Trop ou trop peu : René Maran ne contente personne. Le romancier s’inspire pourtant de sa carrière d’administrateur colonial, celle d’un noir lettré aux colonies, et il fait preuve d’un grand courage dans la description sans ambages de l’oppression coloniale. Un homme pareil aux autres, resté dans l’ombre de Batouala, est aujourd’hui réédité par les éditions du Typhon, assortie d’une splendide préface du romancier sénégalais Mohamed Mbougar Sarr. Elle aide à comprendre la force de cette écriture, précise, incisive, immensément poétique.

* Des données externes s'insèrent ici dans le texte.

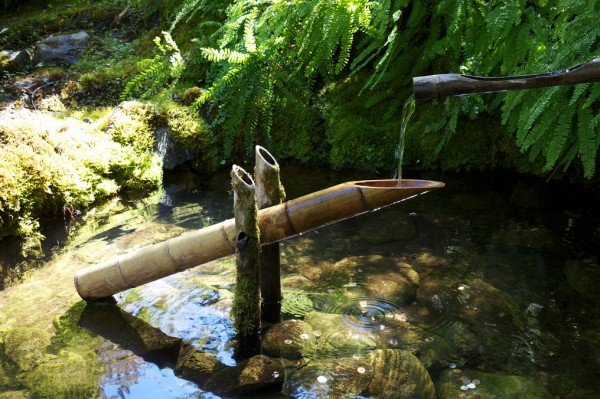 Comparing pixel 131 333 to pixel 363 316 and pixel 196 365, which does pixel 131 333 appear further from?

Un amour empêché : terrain d’étude pour dénoncer le racisme impérial
Le protagoniste principal se nomme donc Jean Veneuse et, tout comme René Maran, il est un Martiniquais ayant grandi et fait ses études à Bordeaux. Il s’engage dans la carrière coloniale et devient l’un des rares administrateurs noirs en Afrique – à l’instar du Guyanais Félix Éboué, dont René Maran était un ami. Mais il faut se garder du filtre biographique pour comprendre ce roman : toute la finesse de René Maran tient au contraire dans la manière dont il expose les ravages du racisme au quotidien – et l’auteur n’est pas sans distance vis-à-vis de ses personnages. Le romancier expose une mécanique qui broie toute confiance en soi et qui rend impossible un mariage entre deux personnes qui s’aiment.

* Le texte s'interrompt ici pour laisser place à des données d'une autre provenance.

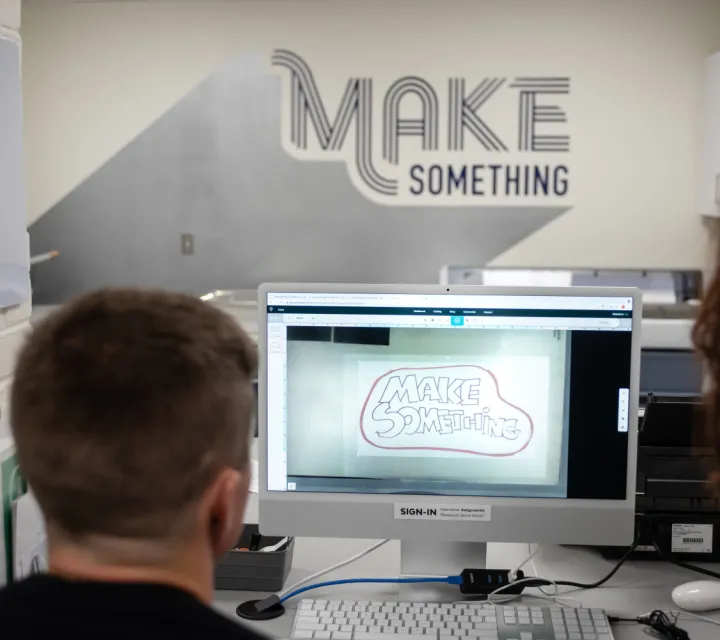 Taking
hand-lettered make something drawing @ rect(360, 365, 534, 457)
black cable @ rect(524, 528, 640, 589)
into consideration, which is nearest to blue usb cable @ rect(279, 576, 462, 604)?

Il s’agit donc d’une expérience de pensée qui prend la forme d’un roman : que se passerait-il si un homme noir, pareil aux autres, était amoureux d’une jeune femme blanche qui l’aimerait en retour ? Réponse : au sein d’un système impérial raciste, l’homme noir se sentirait profondément incapable d’infliger une vie de persécution sociale à sa compagne et s’empêcherait d’aimer celle qu’il aime. Ces « autres », ce sont les Blancs bien sûr. Et parfois des Blancs très bien intentionnés, dont ses meilleurs amis, aux rangs desquels Madeleine et Pierre Coulonges, mais qui n’en sont pas moins racistes – ou peut-être plus précisément : qui véhiculeraient tout de même des impensés racistes et une partition entre « tu » et « nous ».

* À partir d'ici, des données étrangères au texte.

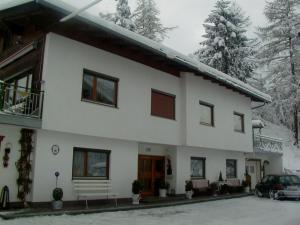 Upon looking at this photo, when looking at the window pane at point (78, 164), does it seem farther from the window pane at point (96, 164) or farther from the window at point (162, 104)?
the window at point (162, 104)

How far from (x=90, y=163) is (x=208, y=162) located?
887 cm

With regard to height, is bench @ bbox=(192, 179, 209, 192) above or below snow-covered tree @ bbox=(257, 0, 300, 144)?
below

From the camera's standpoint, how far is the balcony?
12.3 meters

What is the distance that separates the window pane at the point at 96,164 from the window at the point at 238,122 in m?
11.2

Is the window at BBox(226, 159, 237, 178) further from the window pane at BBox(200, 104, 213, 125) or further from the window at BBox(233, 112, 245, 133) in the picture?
the window pane at BBox(200, 104, 213, 125)

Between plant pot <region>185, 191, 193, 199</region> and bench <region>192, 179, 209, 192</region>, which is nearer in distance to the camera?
plant pot <region>185, 191, 193, 199</region>

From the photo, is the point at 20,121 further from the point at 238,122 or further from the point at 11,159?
the point at 238,122

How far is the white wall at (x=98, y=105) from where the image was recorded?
543 inches

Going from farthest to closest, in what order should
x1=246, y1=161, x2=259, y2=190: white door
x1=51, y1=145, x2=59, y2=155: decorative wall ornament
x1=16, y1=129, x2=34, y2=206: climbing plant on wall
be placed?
x1=246, y1=161, x2=259, y2=190: white door, x1=51, y1=145, x2=59, y2=155: decorative wall ornament, x1=16, y1=129, x2=34, y2=206: climbing plant on wall

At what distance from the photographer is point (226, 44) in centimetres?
3916

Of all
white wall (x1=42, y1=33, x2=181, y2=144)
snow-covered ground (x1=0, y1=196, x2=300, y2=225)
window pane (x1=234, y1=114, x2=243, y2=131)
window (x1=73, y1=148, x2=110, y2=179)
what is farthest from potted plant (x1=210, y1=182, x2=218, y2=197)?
window (x1=73, y1=148, x2=110, y2=179)

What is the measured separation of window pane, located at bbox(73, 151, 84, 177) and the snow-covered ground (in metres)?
2.35

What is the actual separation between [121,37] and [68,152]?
4944 millimetres

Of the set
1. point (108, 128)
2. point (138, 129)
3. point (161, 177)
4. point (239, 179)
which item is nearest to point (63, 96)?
point (108, 128) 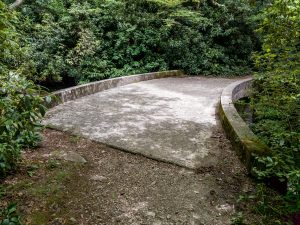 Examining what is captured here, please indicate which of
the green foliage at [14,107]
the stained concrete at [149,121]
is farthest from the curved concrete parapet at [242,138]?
the green foliage at [14,107]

Dans le premier chapitre, le narrateur expose l’expérience de pensée dont le roman est le déploiement : « Il est indéniable qu’il existe aujourd’hui, en France, des traces plus ou moins profondes de racisme. Or l’on ne réduira ce fléau social à sa plus simple expression que dans la mesure où l’on aura le courage de pénétrer et de résoudre les problèmes qu’il pose ». En ce sens, l’amour entre Jean Veneuse et Andrée Marielle n’est qu’un prétexte pour prouver cette partition des hommes entre eux, entre le « tu » noir et le « nous » impérial. René Maran décrit alors une histoire d’amour comme « le voyage d’une race à une autre ». La fiction-cadre est celle d’un récit a posteriori, où Jean Veneuse reprend et publie « un lot de vieux cahiers participant du livre de raison et du carnet de route, où, treize années durant, il a noté, de façon intermittente, les hauts et les bas de sa vie de fonctionnaire colonial ».
Le lecteur suivra donc les pérégrinations de Jean Veneuse fuyant son amour pour Andrée, et prenant ses fonctions au Tchad. Le long voyage en bateau est l’occasion de retrouver ses anciens amis Madeleine et Pierre Coulonges, qui lui présentent à leur tour Clarisse Demours, jeune épousée rejoignant son mari aux colonies. Jean leur expose son amour malheureux et se laisse aimer par Clarisse, tout en se pensant damné. Ce triangle amoureux se poursuit dans la seconde partie du roman, tandis que Jean est en poste. Othello colonial, Jean Veneuse ne s’autorise pas à aimer. Aussi aime-t-il par procuration d’autres jeunes filles en fleurs.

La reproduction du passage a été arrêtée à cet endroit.